Corpus Reader Methods

The Representation of “Words”

The representation of “words” in PyCantonese comes in two flavors (similar to NLTK):

  1. The “simple” representation as a string, which is what appears as a word token (in Chinese characters) in a transcription line starting with * in the CHAT transcript.

  2. The “tagged” representation as a tuple of (word, pos, jyutping, rel), which contains information from the transcription line and its %-tiers:

    word (str) – Chinese character(s)

    pos (str) – part-of-speech tag from %mor (All PoS tags are rendered in uppercase.)

    jyutping (str) – Jyutping romanization from %mor (plus inflectional information, if any)

    rel – dependency and grammatical relation from %gra (no known datasets have made used of %gra yet)

To illustrate, let us consider the following CHAT utterance with its %mor tier:

*XXA:       喂 遲 啲 去 唔 去 旅行 啊 ?
%mor:       e|wai3 a|ci4 u|di1 v|heoi3 d|m4 v|heoi3 vn|leoi5hang4 y|aa3 ?

The list of “simple” words from this utterance are the list of word token strings:

['喂', '遲', '啲', '去', '唔', '去', '旅行', '啊', '?']

The list of “tagged” words from this utterance are a list of 4-tuples:

[('喂', 'E', 'wai3', ''),
 ('遲', 'A', 'ci4', ''),
 ('啲', 'U', 'di1', ''),
 ('去', 'V', 'heoi3', ''),
 ('唔', 'D', 'm4', ''),
 ('去', 'V', 'heoi3', ''),
 ('旅行', 'VN', 'leoi5hang4', ''),
 ('啊', 'Y', 'aa3', ''),
 ('?', '?', '', '')]

A Note on the Access Methods

>>> import pycantonese as pc
>>> corpus = pc.hkcancor()

A corpus object, such as corpus as shown just above, has an array of methods X(). An example is number_of_files():

>>> corpus.number_of_files()
58

Many of these methods together with their documentation notes are programmatically inherited from the library PyLangAcq for language acquisition research. A few remarks here are necessary to avoid confusion.

Many methods have the optional parameter participant, which may safely be ignored in PyCantonese. The parameter participant specifies which participant(s) are of interest. This is important in the context of language acquisition: 'CHI' for the target child, 'MOT' for the mother, and so forth. In the CHAT format of HKCanCor that PyCantonese includes, the participants are rendered as codes such 'XXA', 'XXB' etc based on the original HKCanCor files. When participant is not specified, all participants are automatically included.

Another optional parameter of interest is by_files.
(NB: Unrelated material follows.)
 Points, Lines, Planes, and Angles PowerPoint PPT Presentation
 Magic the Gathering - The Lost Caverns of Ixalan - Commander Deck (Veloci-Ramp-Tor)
Typically, a corpus comes in the form of multiple CHAT files. If a method X() has by_files, this parameter is set to be False by default, so that X() returns whatever it is for all the files without the file structure. If you are interested in results for individual files, set by_files to be True and the return object is dict(absolute-path filename: X() for that file) instead.

Full Reader API

class pycantonese.corpus.CantoneseCHATReader(*filenames, **kwargs)[source]

A reader for Cantonese CHAT corpus files.

Note

Some of the methods are inherited from the parent class pylangacq.chat.Reader for language acquisition, which may or may not be applicable to your use case.

Methods

IPSyn([participant])

Return a map from a file path to the file’s IPSyn.

MLU([participant])

Return a map from a file path to the file’s MLU by morphemes.

MLUm([participant])

Return a map from a file path to the file’s MLU by morphemes.

MLUw([participant])

Return a map from a file path to the file’s MLU by words.

TTR([participant])

Return a map from a file path to the file’s TTR.

abspath(basename)

Return the absolute path of basename.

add(*filenames)

Add one or more CHAT filenames to the current reader.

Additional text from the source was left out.